Una riflessione icastica sulla riforma della giustizia e sulle "anomalie" intollerabili in atto


Desta sorpresa e preoccupazione che l'eversione in atto, per quanto di palmare evidenza, non susciti reazione alcuna.

E' invece addirittura inconcepibile in via di principio che il Parlamento anche solo concepisca di realizzare una c.d. "Riforma" della Giustizia (all'atto pratico, l'imposizione di un bavaglio per garantire impunità ai politici).

Si tratta di un enorme crimine giuridico. E non solo: è un insulto alla Costituzione, ai principi fondamentali del diritto costituzionale, alla dottrina giuridica storica e alla storia del pensiero.

Certamente superfluo ricordare che alla Magistratura è affidato il compito di tutelare la legalità. Ovvero garantire il rispetto della legge e, quindi, dei diritti dei cittadini e l'eguaglianza fra di essi.

Sono secoli che la cultura filosofica, giuridica e sociale ha individuato l'elementare antidoto all'abuso del potere politico: la sua scissione in tre poteri distinti, legislativo, esecutivo e giudiziario.

Separazione vuol dire che nessuno di questi singoli poteri può interferire o imporre alcunché ad alcuno degli altri due.

Una classe politica incolta, abbagliata dalla possibilità di usare a proprio personale vantaggio il potere attribuito per perseguire il bene pubblico, si comporta secondo modalità completamente estranee ai principi e regole fondamentali del Diritto. E del resto già ha posto in atto, sempre nel silenzio generale, dei gravissimi danni al quadro giuridico istituzionale (e quindi ai diritti dei cittadini).

Ci riferiamo, tra l'altro, alla stupefacente perversione di cambiare la composizione del Consiglio Superiore della Magistratura, nella becera finalità di acquisirne il controllo. E alla stessa categoria appartiene l'abolizione della figura del Pretore, la cui autonomia, e quindi libertà di giudizio, infastidiva il mondo degli affari, gli inquinatori e gli amministratori disinvolti.

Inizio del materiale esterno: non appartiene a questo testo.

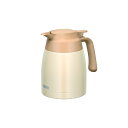 ステンレスポット 1L クリームホワイト TTB-1001【THERMOS ステンレス 魔法びん 保温ポット 保冷ポット】(3)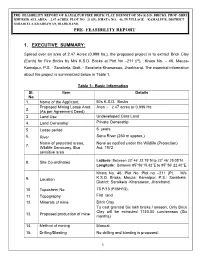 Pre- Feasibility Report 1. Executive Summary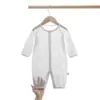 Mameluco de Verano para Recién Nacido, Mono Delgado de Manga Larga para Bebé Estilo Verano, Mono de Dormir Floral 100% Algodón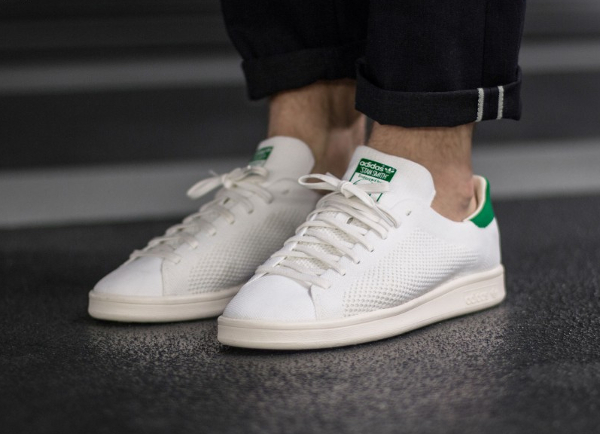 basket adidas stan smith circular knit chalk white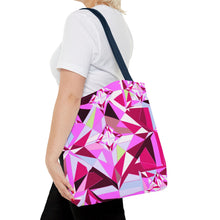 Load image into Gallery viewer, DIAMOND DRIP Tote Bag - Rose Quartz Radiance
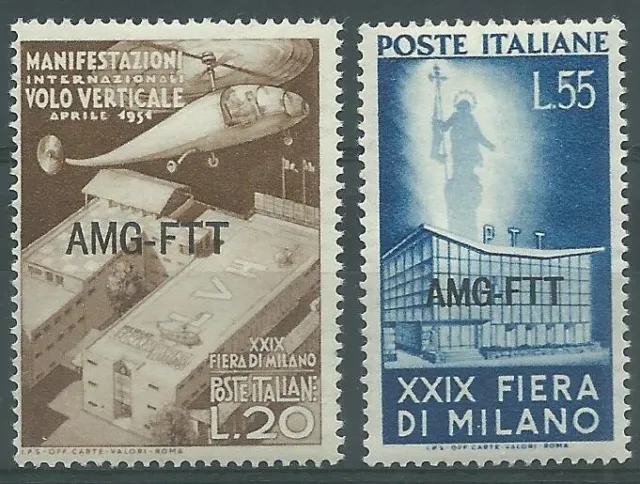 1951 Trieste A Amg-Ftt 29 Fiera Di Milano 2 Val MNH MF26441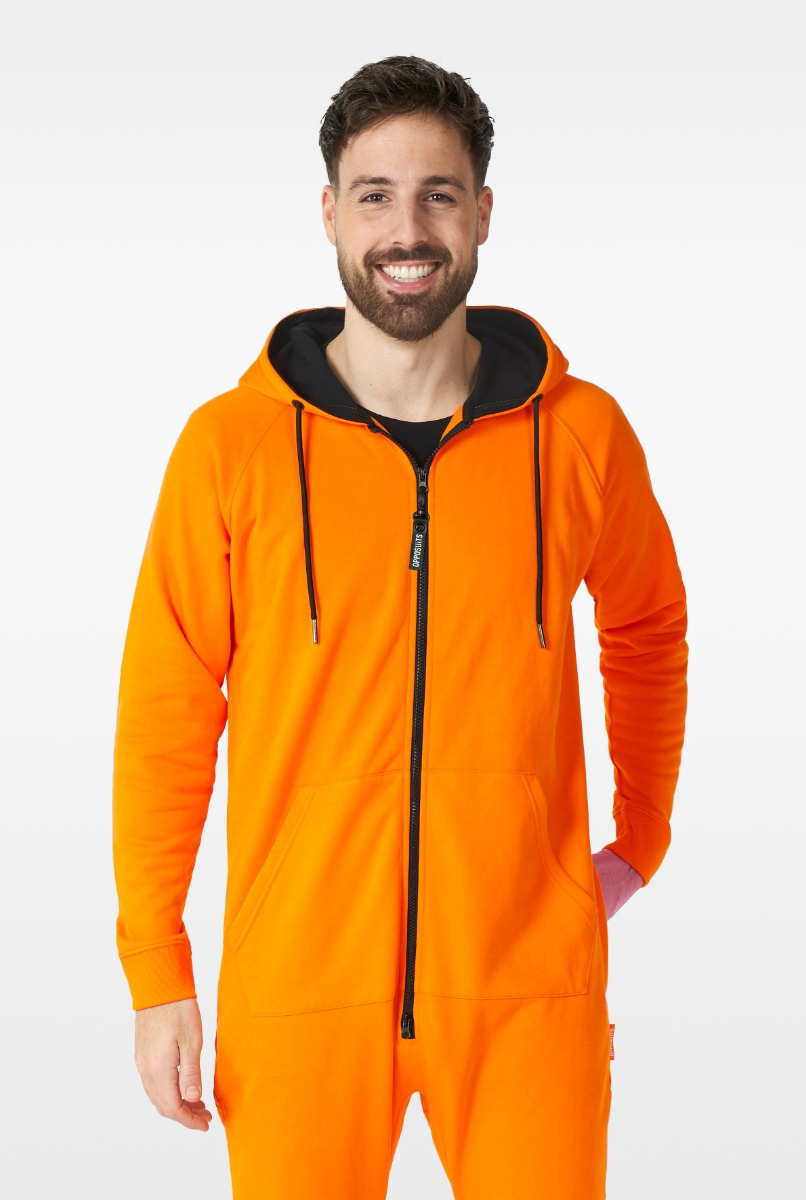 The Orange Hooded Onesie Man Kostuum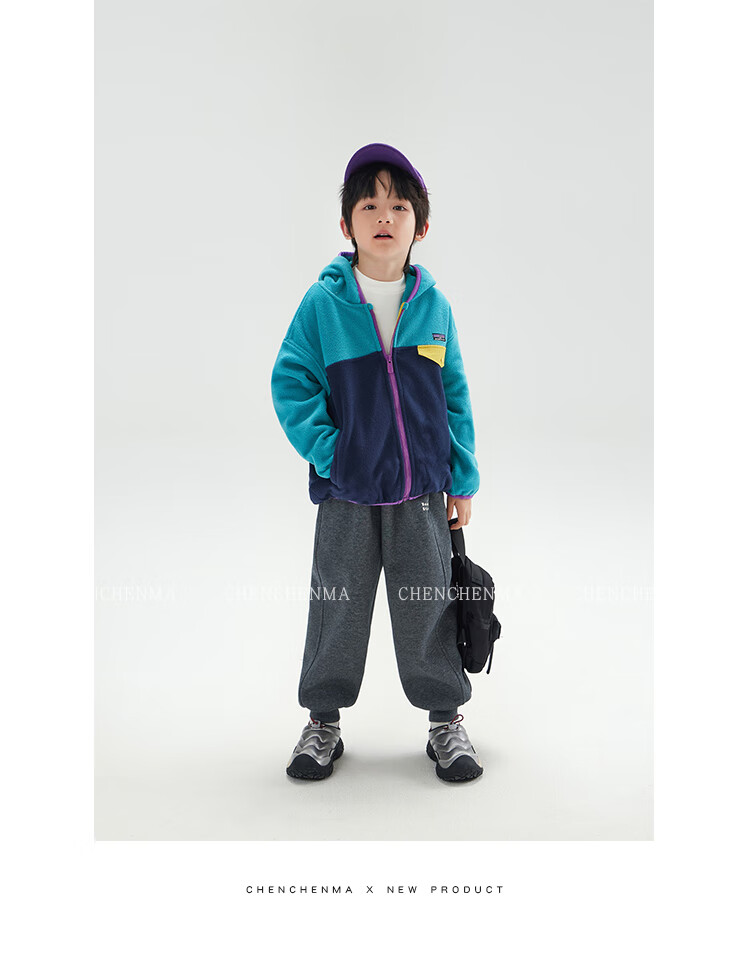 Chenchenma [Popcorn] Girls' Casual Pants, New Winter Style with Fleece Lining, Thickened All-In Warm Children's Joggers, 6837D 9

Requisito e condizione di uno Stato democratico, il principio della separazione dei poteri è acquisito e sancito dalla nostra Costituzione.

Sul piano formale, quindi le anomale interferenze normative realizzate, sono incostituzionali e di ciò è necessario interessare la Corte costituzionale.

Sul piano sostanziale, invece, esse evidenziano un costume mentale e una concezione del ruolo totalmente aberrante e come tale da abolire subito.

Sarebbe ipoteticamente concepibile una eventuale ridefinizione delle reciproche attribuzioni solo mediante una conferenza paritaria dei tre poteri successivamente approvata con referendum popolare.

Incidentalmente, a conferma di questa mentalità di onnipotenza mungitoria diffusa nella classe politica, è il fenomeno emblematico degli stipendi e dei vitalizi (addirittura resi trasmissibili ai figli (e, di questo passo, fra poco, anche ai nipoti e agli animali domestici).

La Costituzione, infatti, non prevede che ai parlamentari venga corrisposto uno stipendio a fronte del limitato impegno richiesto, non assimilabile ad una prestazione lavorativa in senso proprio. All'art. 69 il testo precisa che "i membri del Parlamento ricevono una indennità".

Indennizzare, in italiano, significa risarcire un danno, ovvero rifondere spese. In altri termini, la Costituzione si premura di evitare che le eventuali spese sostenute per adempiere l'incarico parlamentare rimangano a carico dell'interessato.

Siamo molto lontani dallo stipendio, tra l'altro esageratamente benefico che i membri del Parlamento si sono abusivamente autoelargiti (e dove il prestatore d'opera può decidere il livello del suo compenso?). E non parliamo poi dei vitalizi...

La decenza istituzionale impone l'eliminazione immediata di queste anomalie intollerabili.